Supplied data:
<<<<

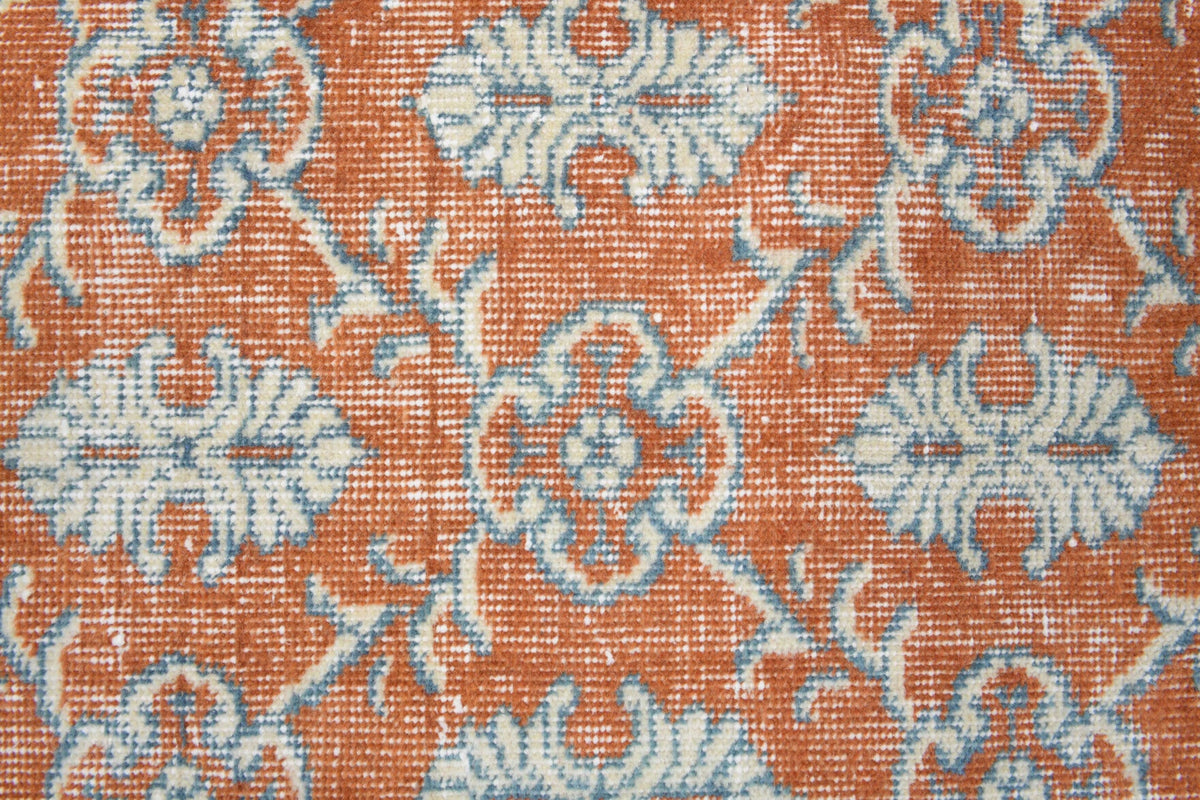 El yapımı vintage halı 213x305 cm damask desenli yün - üstten görünüm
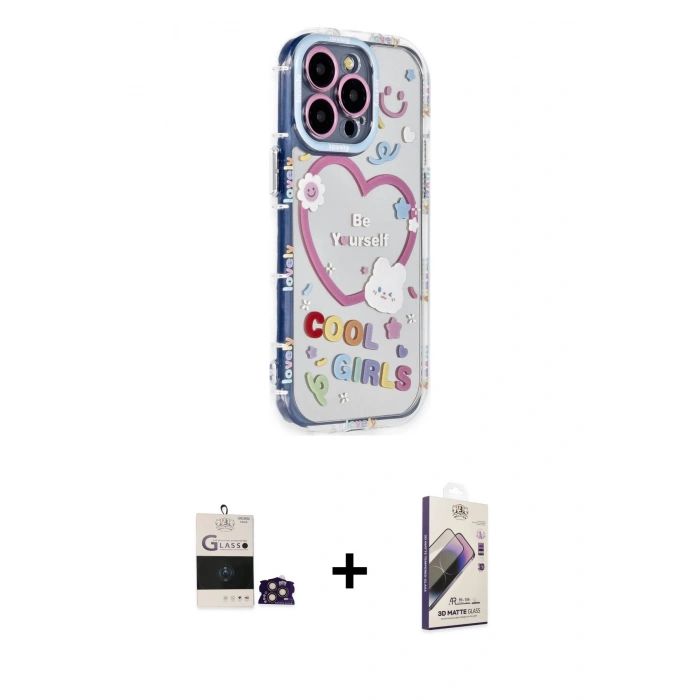 MARSİLYAN™- iPhone 14 Pro Max Kılıf Ahenk Modern Serisi - Siyah Bilvis 3D Mat Cam Ekran Koruyucu + Bilvis Titan Kamera Lens - GD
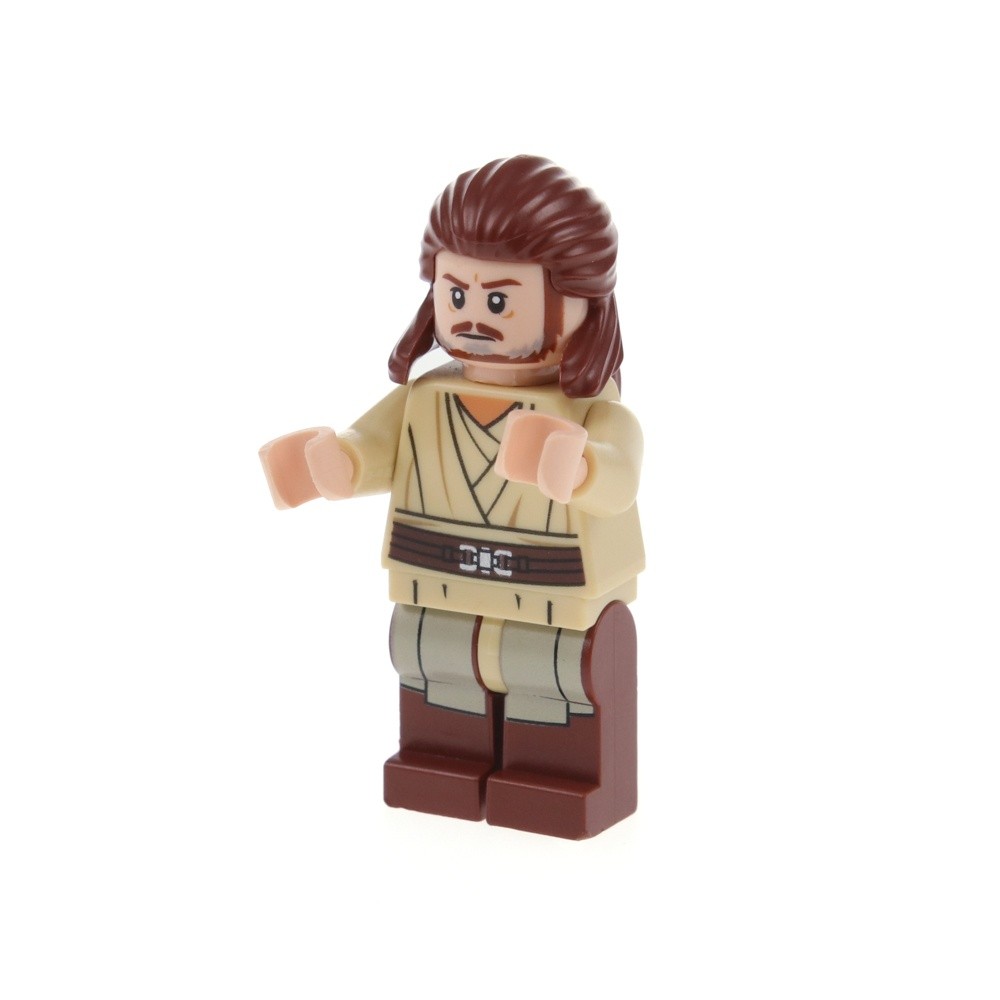 1x LEGO Minifigure Star Wars Qui-Gon Jinn Brown Hair Double Face 75169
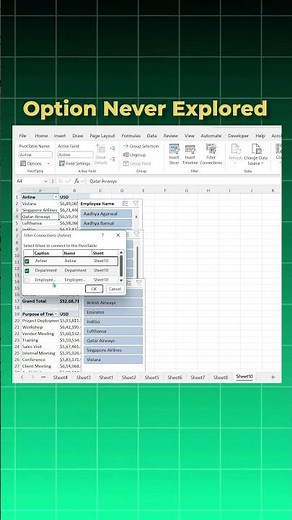 The Slicer Connection Trick Nobody Knows #Excel #PivotTable #Shorts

>>>>

What is expected: Skip the pictures, please, and transcribe only the lines from the beginning of the material through the one that contains "1x LEGO Minifigure".

Solution for this problem:
 El yapımı vintage halı 213x305 cm damask desenli yün - üstten görünüm
 MARSİLYAN™- iPhone 14 Pro Max Kılıf Ahenk Modern Serisi - Siyah Bilvis 3D Mat Cam Ekran Koruyucu + Bilvis Titan Kamera Lens - GD
 1x LEGO Minifigure Star Wars Qui-Gon Jinn Brown Hair Double Face 75169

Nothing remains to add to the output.